Nominal = Categories that do not have a natural order. Ex: blood type, zip code, race

Ordinal = Categories where order matters but the difference between them is neither clear nor even. Ex: satisfaction scores, happiness level from 1 - 10

Interval = There is order and the difference between two values is meaningful. Ex: Temperature (Celsius and Fahrenheit), credit scores, pH

Ratio = The same as interval except it has a concept of 0. There are no negative numbers.

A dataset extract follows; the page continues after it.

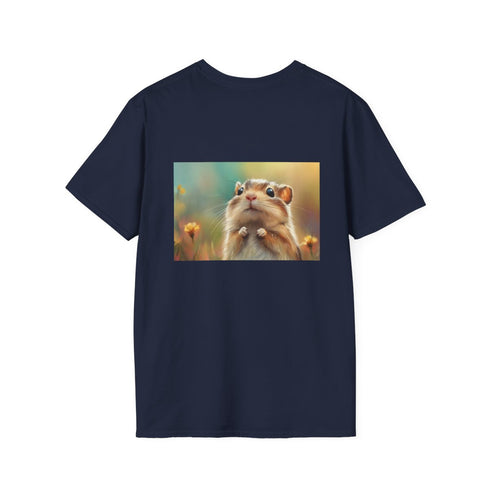 Gerbil Portrait Tee: Aww-dorable!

Ex: concentration, Kelvin, weight

# Statistics in Python

Central Tendency - represents the center point or "typical" value of a dataset.

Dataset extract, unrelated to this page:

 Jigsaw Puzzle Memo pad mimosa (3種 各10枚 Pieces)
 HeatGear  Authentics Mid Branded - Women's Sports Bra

As a result, our rule of thumb is to replace null values with the mean when the data is normally distributed and replace null values with the median when the data is skewed.

In [2]:
import pandas as pd

df_clothes = pd.DataFrame(data = [['blue', 'S', 20, 'lemon shirt'], ['blue', 'M', 50, 'jeans'], ['beige', 'M', 7, 'bucket hat']])

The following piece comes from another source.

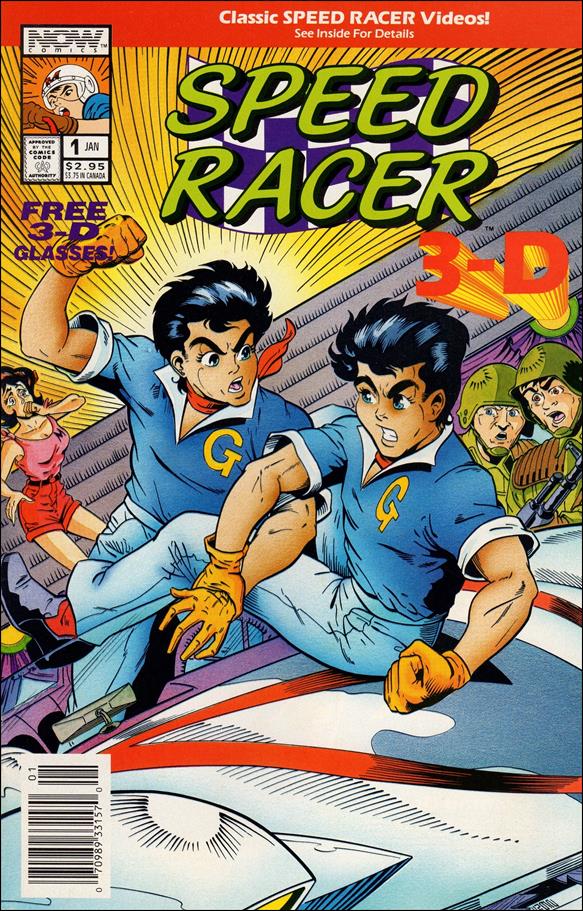 Speed Racer 3-D Special issue 1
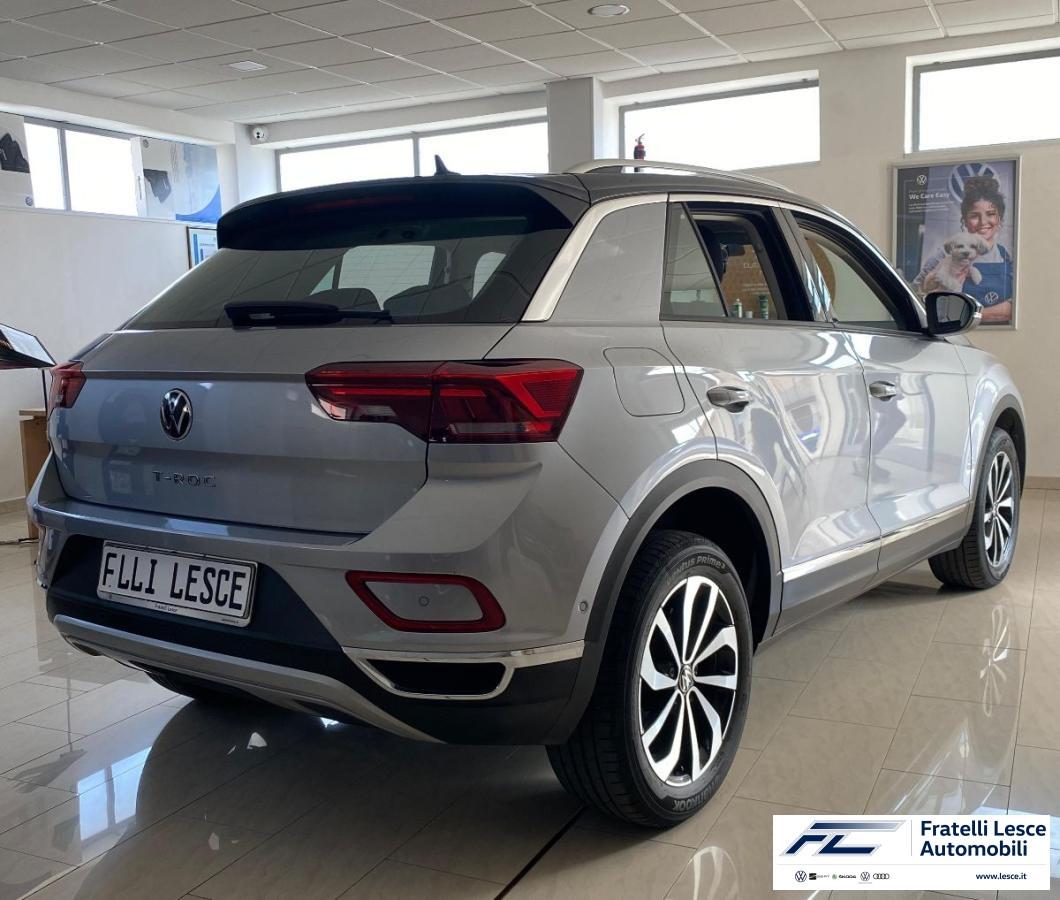 VOLKSWAGEN - T-Roc 2.0 tdi Style 150cv dsg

df_clothes.columns = ['color', 'size', 'price', 'type']
df_clothes

Unnamed: 0,color,size,price,type
0,blue,S,20,lemon shirt
1,blue,M,50,jeans
2,beige,M,7,bucket hat


In [4]:
# Can convert categorical values to numerical
# Size is ordinal, so it can be easily encoded

size_map = {'S' : 1, 'M' : 2, 'L' : 3}
df_clothes['size'] = df_clothes['size'].map(size_map)
df_clothes 

Unnamed: 0,color,size,price,type
0,blue,1,20,lemon shirt
1,blue,2,50,jeans
2,beige,2,7,bucket hat


In [6]:
%pip install scikit-learn

Note: you may need to restart the kernel to use updated packages.


In [10]:
# Very good for nominal values
# where we want a number so it processes faster
# but the number doesn't mean anything
from sklearn.preprocessing import LabelEncoder

class_labels = LabelEncoder()

df_clothes['types'] = class_labels.fit_transform(df_clothes['type'].values)
df_clothes

Unnamed: 0,color,size,price,type,types
0,blue,1,20,lemon shirt,2
1,blue,2,50,jeans,1
2,beige,2,7,bucket hat,0


In [11]:
# One hot encoding - easiest way
# This doesn't work if you have data that is already numerical

df_clothes = pd.get_dummies(df_clothes[['color', 'size', 'price']])
df_clothes

Unnamed: 0,size,price,color_beige,color_blue
0,1,20,False,True
1,2,50,False,True
2,2,7,True,False